Now 52, Neal has spring boarded himself from those beginnings to make his mark on the music world. He has shared the stage with some of the world’s most influential musicians, among them B.B. King, Bonnie Raitt, Muddy Waters, Aaron Neville and John Lee Hooker.
Neal began forging his identity while working as a young musician out of Toronto, where he and brothers Raful, Jr., Noel, Larry and Ronnie formed the Neal Brothers Band to back up touring blues stars. He returned to Baton Rouge and in 1988 began releasing albums through Alligator Records. Those recordings, which showcased the Louisiana sound he had grown up with, drew praise from critics.
In 1991 Neal appeared on stage in another medium: acting. He took the lead role in “Mule Bone,” a 1930's play written by Langston Hughes and Zora Neale Hurston. Neal’s run featured music written by Taj Mahal, and he himself would later set two Hughes poems to music.
Neal then began releasing albums through Telarc Records, collaborating with fellow harmonicist Billy Branch in 2004 to record “Double Take,” which won the W.C. Handy award the following year.
He relocated to California in 2004, where he launched “Neal’s Place,” a cable television program that features him jamming with national and local musicians.
Troubles he endured afterwards, including the loss of his father, brother and sister and his treatment for Hepatitis C, inspired one of his most critically-acclaimed albums, 2008’s “Let Life Flow.”
Neal discussed his life last week while in the Washington, D.C. area to play a benefit concert for the D.C. Blues Society. There, he had a chance to jam with two prominent D.C. area blues musicians, guitarist Memphis Gold (pictured with Neal above) and singer Stacy Brooks.
We started the conversation by asking Neal about his upcoming album, “Hooked on Your Love:”
Kenny Neal: Well the new album is called “Hooked on Your Love” and it will be out officially September 14.
Neal: Yeah, so I’m very excited about it. You know my last CD was “Let Life Flow,” so I got a couple of years out of that and now I’m back again with a new one.
BBP: Is there something about this CD that’s taking you in a different direction?
Neal: Well this CD here, I just wanted to keep in mind some of the guys that I come up with that a lot of the folks don’t know about. I wrote, you know, seven or eight songs on the CD, but also, people like O.B. Wright, Bobby Bland, Little Milton. I wanted to hit a little bit of that blues style as well, because on my circuit you don’t hear it that often. And I grew up with it. So I just want to share that with my fans. And I’m really happy about the way it turned out.
BBP: I heard a rumor that when you were three years old Slim Harpo put a harmonica in your mouth to keep you quiet.
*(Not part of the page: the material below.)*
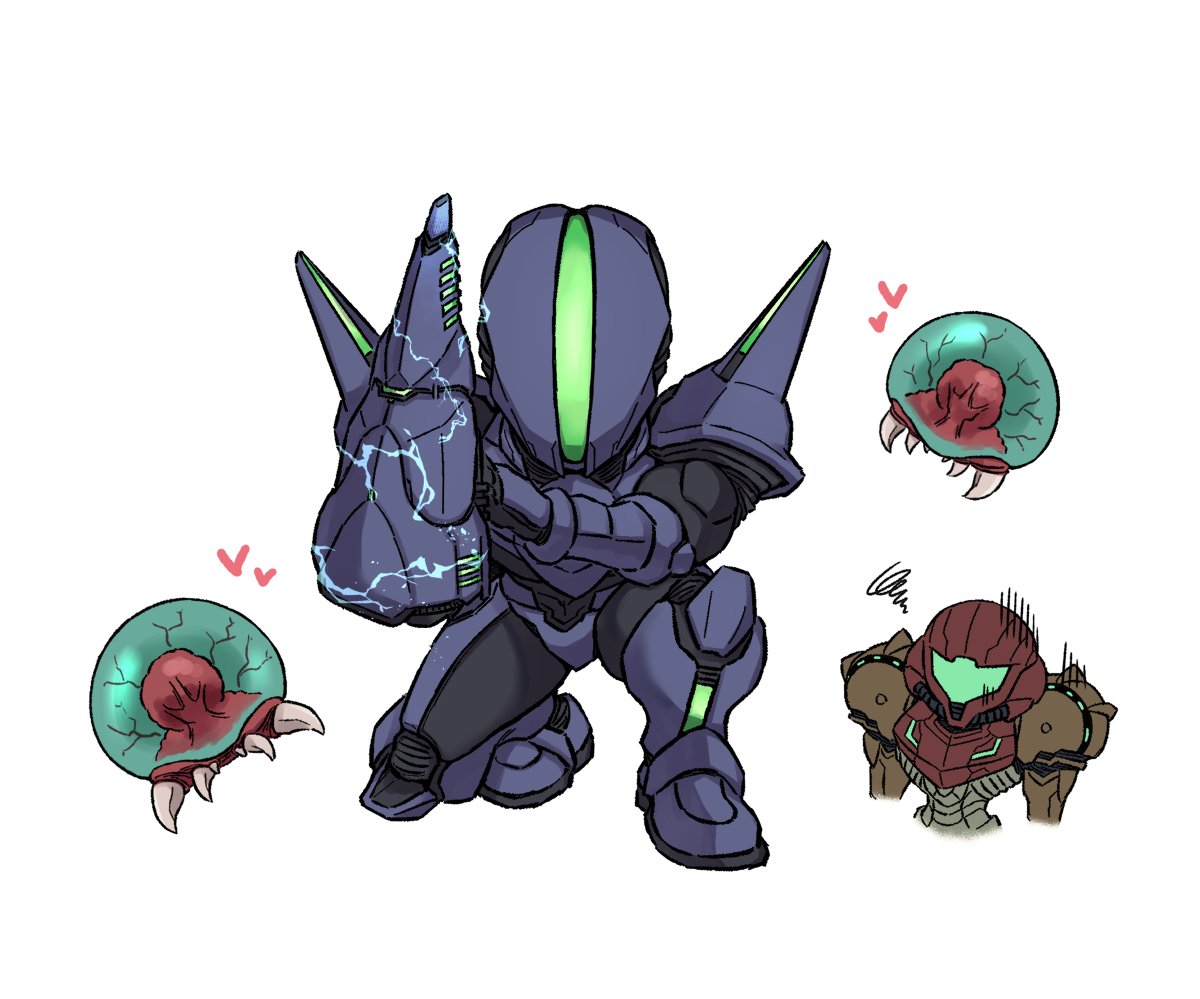Safebooru - 1boy 1girl alien arm cannon arm mounted weapon armor ...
Neal: I was a little older than three (laughing). But uh, he and my dad Raful Neal, Slim Harpo from Baton Rouge, they were all friends. And he was coming over to the house one day and they was unloading the trailer and he told me—pickin’ on a little kid—to go inside the trailer and see if any instruments was left. I went in and he closed the doors on me and I freaked out. I got a phobia. And it freaked him out so bad, to cheer me up he went out and got a harmonica and gave to me and said “son, I’m so sorry I didn’t mean to..but that’s how that happened.” But I never thought I’d end up playing that thing.
BBP: At that time you didn’t pick it up and start to play a tune?
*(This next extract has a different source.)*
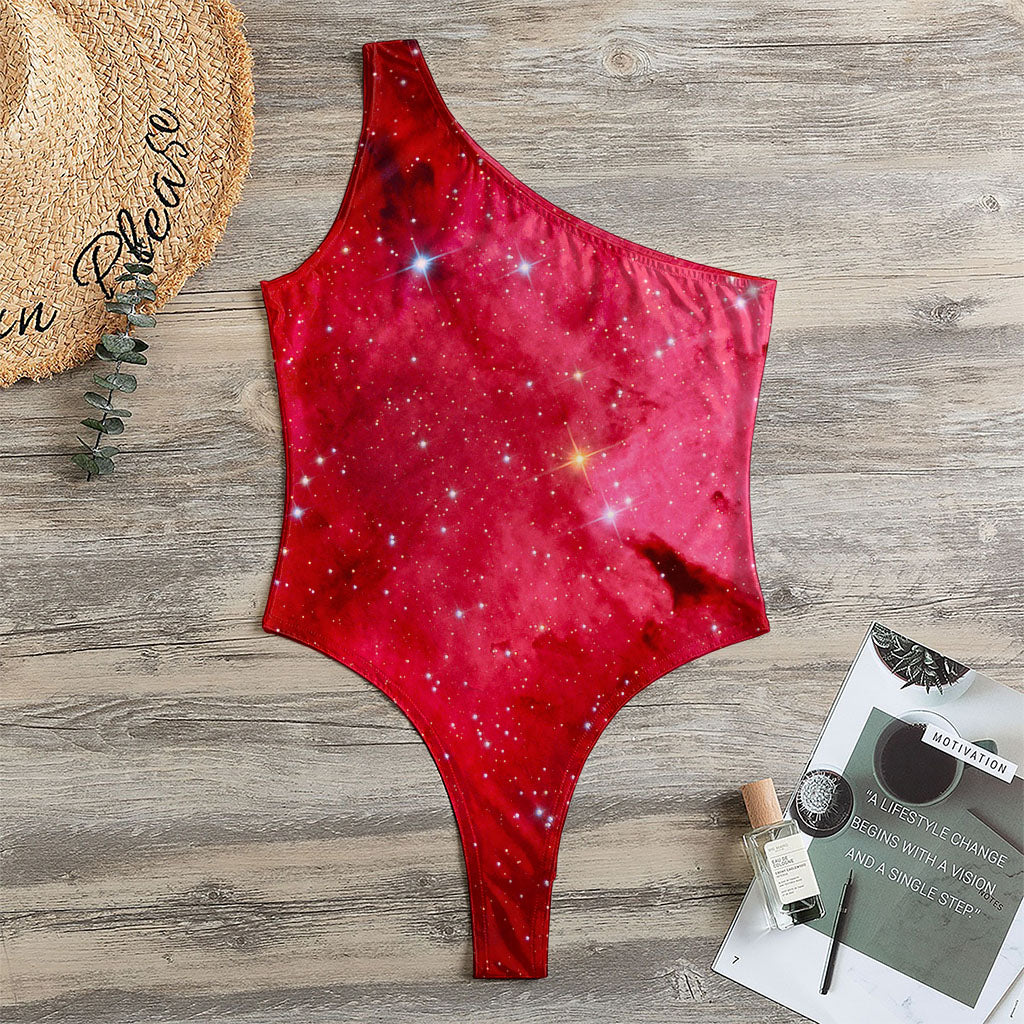 Red Galaxy Space Cloud Print One Shoulder Bodysuit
Neal: Oh I’m sure I played it around because that was like my new toy, you know because I was always brought up around music. It was like giving a kid a baseball or a bat or something, you know. That harmonica was exciting.
BBP: What were some of the lessons you learned from your dad? What were some of the most important things you learned from him?
Neal: To make sure I get all of my residuals (laughs), like he didn’t get. No, but I learned from my dad to enjoy the music and I don’t know, just treat everybody the way you want to be treated and that’s one of the main things I really carry with myself because he used to tell me that everybody is somebody and with the music, he gave that to me before I even understood anything. It was there already, so, it was natural for me I think for me to want to carry that on.
BBP: So how does it feel to be in a family that has a musical tradition? I mean that’s something that the average person can’t really understand.
Neal: Well the music just makes us closer, ‘cause normally you have to have a meeting and reunions to get the family together. But all I do is get a gig (laughs), call everybody up, and that’s all the time, you know what I mean? So that music keeps us together and keeps us under control and keeps the love in the family as well. Because we’re always together doing something that we love.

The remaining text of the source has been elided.